Sunday, September 27, 2009

Sunday roundup

The collective clusterf* that is the Middle East is often so absurd that it's funny. More often, it's just tragic. Closer to home, very few doctors are willing to document asylum seekers' signs of abuse.

Maoism is more appealing in theory than in practice.

No one's saying that it's easy for countries, cities to come to terms with their history.

What's ironic about this:
""I would suggest you convert to Christ!" Benham shouted over a megaphone. Islam "forces its dogma down your throat.""


The challenges for mothers in the military are significant, but on the third page of this article, a silver lining: fathers, when there are fathers, become more active partners in the marriage and more active fathers. This stood out because I was at a party yesterday (a friend's son's first birthday) and the moms were pointing out that the dads would get bored about three seconds when they were supposed to be watching their kids, and the kids would go gravitate toward stairs and other places where they'd be best observed rather than running loose.

Gotta love the transparency:
"Accustomed to the traditional anonymity of hawala networks, Taliban supporters sometimes fill out their customer slips by plainly stating that the payment is for "heroin" or "five vehicles for Taliban commander so-and-so," said a senior U.S. law-enforcement official."


The "Yes Men" Borat Big Business.

I-Hope-There's-Beer debasement isn't limited to young women.

Michelle Singletary is right to extend the onus to both the banks and their customers.

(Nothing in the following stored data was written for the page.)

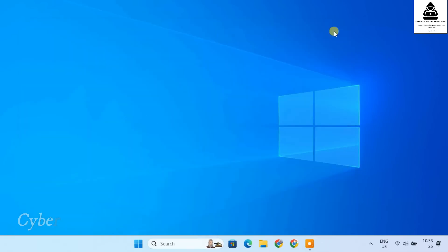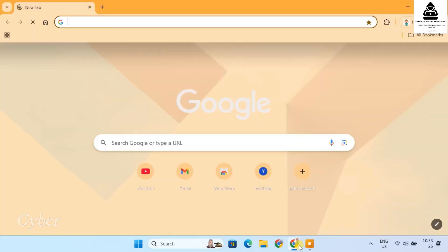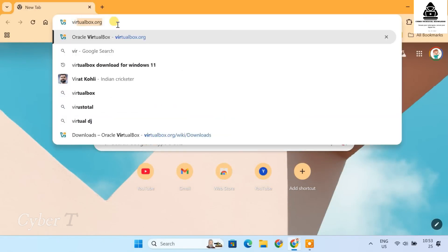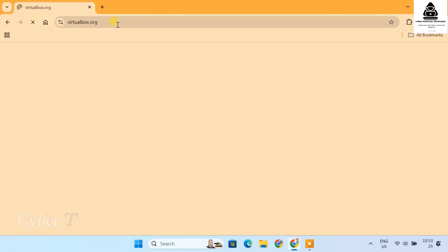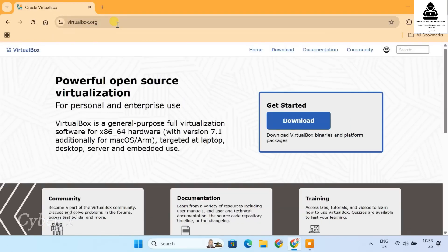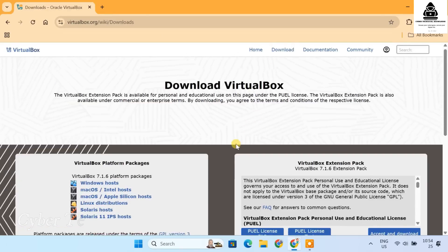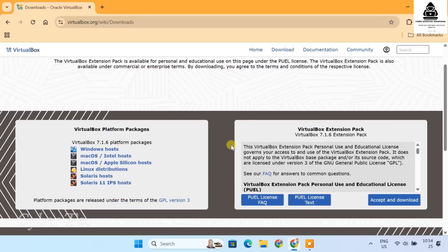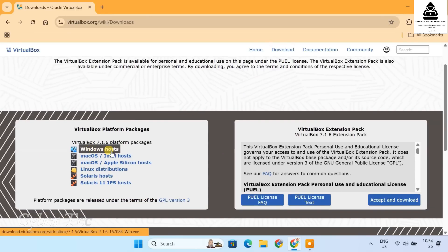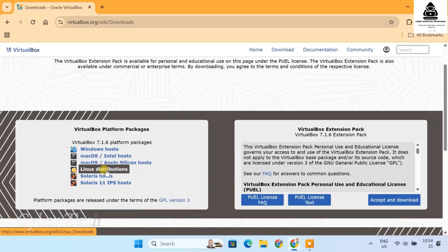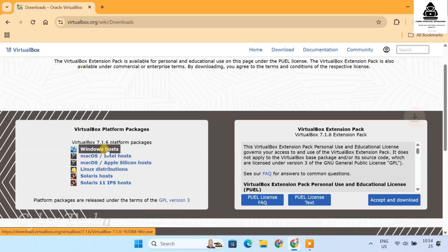Now that we have confirmed virtualization is enabled and Hyper-V is disabled, let's download and install VirtualBox. Open your browser and go to virtualbox.org. Click on Downloads. Select the current version for your operating system. Windows Hosts if you are using Windows, Mac OS Hosts for Mac users and Linux Distribution for Linux users. I'll click on the Windows Hosts option and download will begin.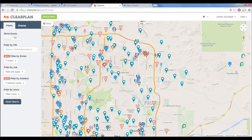This is ClearPlan in a whole. This is what we use to manage all of the logistics pertaining to our repossession company.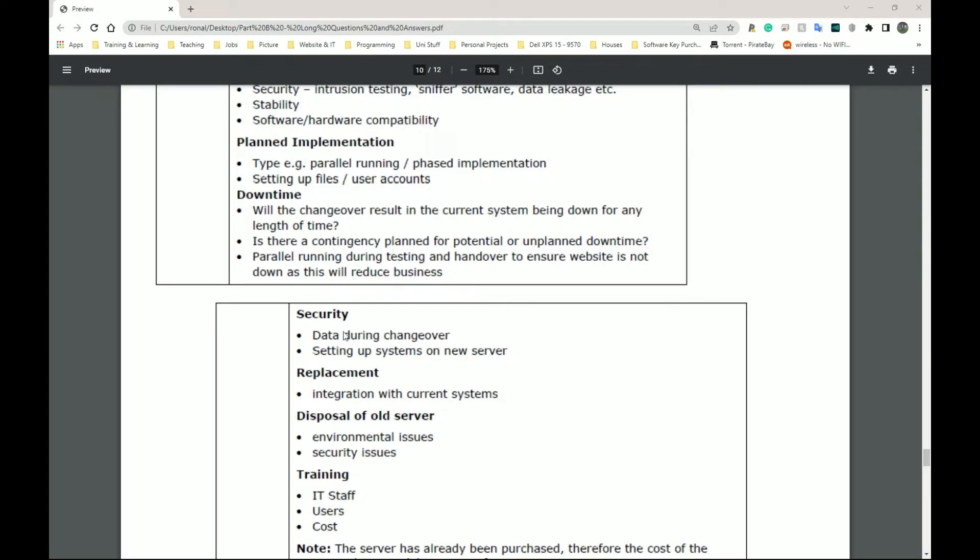Next, we have security. So data during changeover, setting up the systems on a new server. We need to make sure that the security is good enough for the system that it's going to be implemented for. So we need to have a server like this probably should have a firewall, a hardware firewall. It should probably have some protection against DDoS attacks.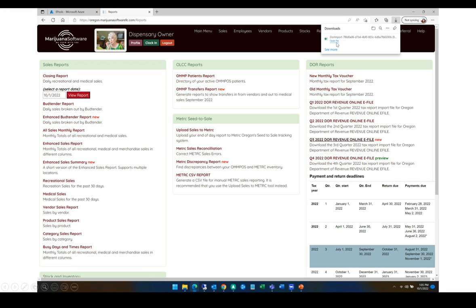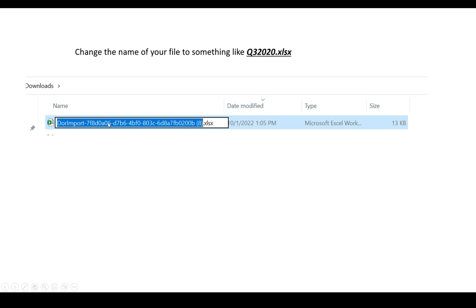Don't open the file up. Instead, what you want to do is open the Downloads folder where it went, and change the name of this file to something friendly, like Q2 2022 or something like that. So here in your Downloads folder, you're going to see that file. Go ahead and click on it to rename it and just give it a friendly name. Be careful not to change the bit at the end because the website needs that to be able to read the file.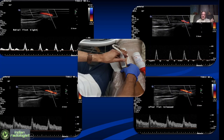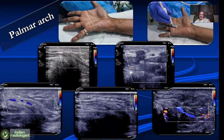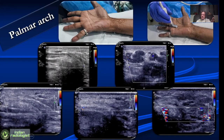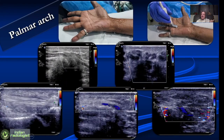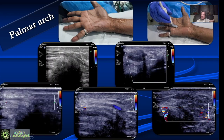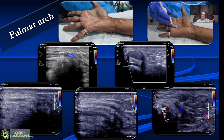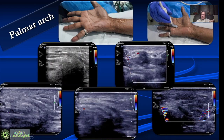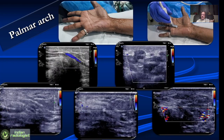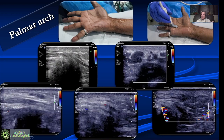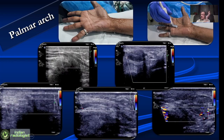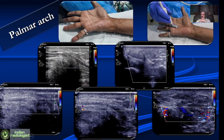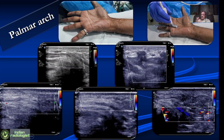We can also look at the palmar arch and the flow in the digital arteries. We do this typically when the patient is suspected to have small artery disease — for example, if everything is fine up to the radial and ulnar artery but the patient still has symptoms, that is the time to start looking at small arteries in the palm or in the fingers.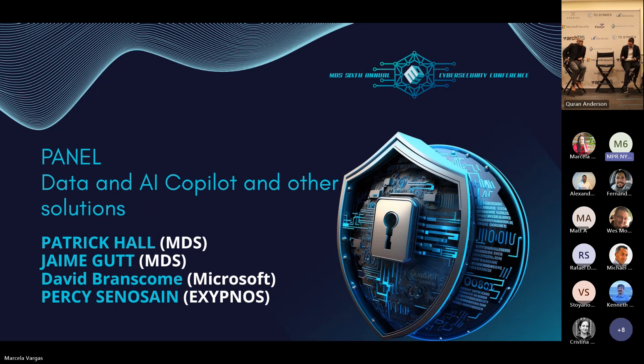I'm Dave Branscom, global partner solutions architect, focused on security and compliance, identity, and management.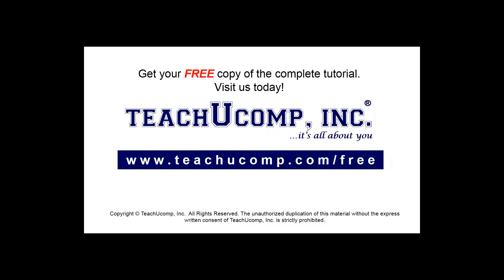Get your free copy of the complete tutorial at www.teachyoucomp.com/free.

I'm the first to say that banks will be predatory, will purposely obfuscate... but as I've been going on about food labeling, people need to maintain responsibility for what they consume, and for becoming informed about their choices.

I think about this every day that I bike, to work or otherwise. Not about the Brooklyn Bridge part, obviously, but as someone who, too, has shown up to work a little late with chain grease on her hands, I've had to negotiate with my fair share of clueless pedestrians. They don't make it easy... they often sprawl over both lanes, and you try to warn them but they're in their own world.

I also thought yesterday, driving home from north of Baltimore, amid torrential rain and poor visibility, how I hadn't seen such aggressive driving in a while. I could also blog about bad signage: there's no reason that even I, as bad as my sense of direction is, should be getting lost trying to get onto 295 from the beltway, or, as the other day, on the way to FedEx on Eisenhower-- I mean, I've been driving past and through those areas for years-- but they keep changing everything on the beltway and if they sign it at all, the signs are tiny and invisible in the dark, or too close to the turnoff point for you to make a decision--but I digress.

I wonder whether the pedestrians--and joggers--realize that how much of the lobbying that has made those trails happen has come from the biking community. They should be thanking us. As Mr. Sullivan said, the revolution has begun.

One suggestion for improving Metro's reliability: its management should listen to bloggers, especially those that also spotlight riders who were raised in a barn, such as those
"...putting their feet or wet umbrellas on seats. One memorable photo showed a man on the Orange Line trimming his arm hair and brushing the clippings on the seat and floor."


Some search engines are becoming increasingly parasitic, when they've thus far been largely symbiotic.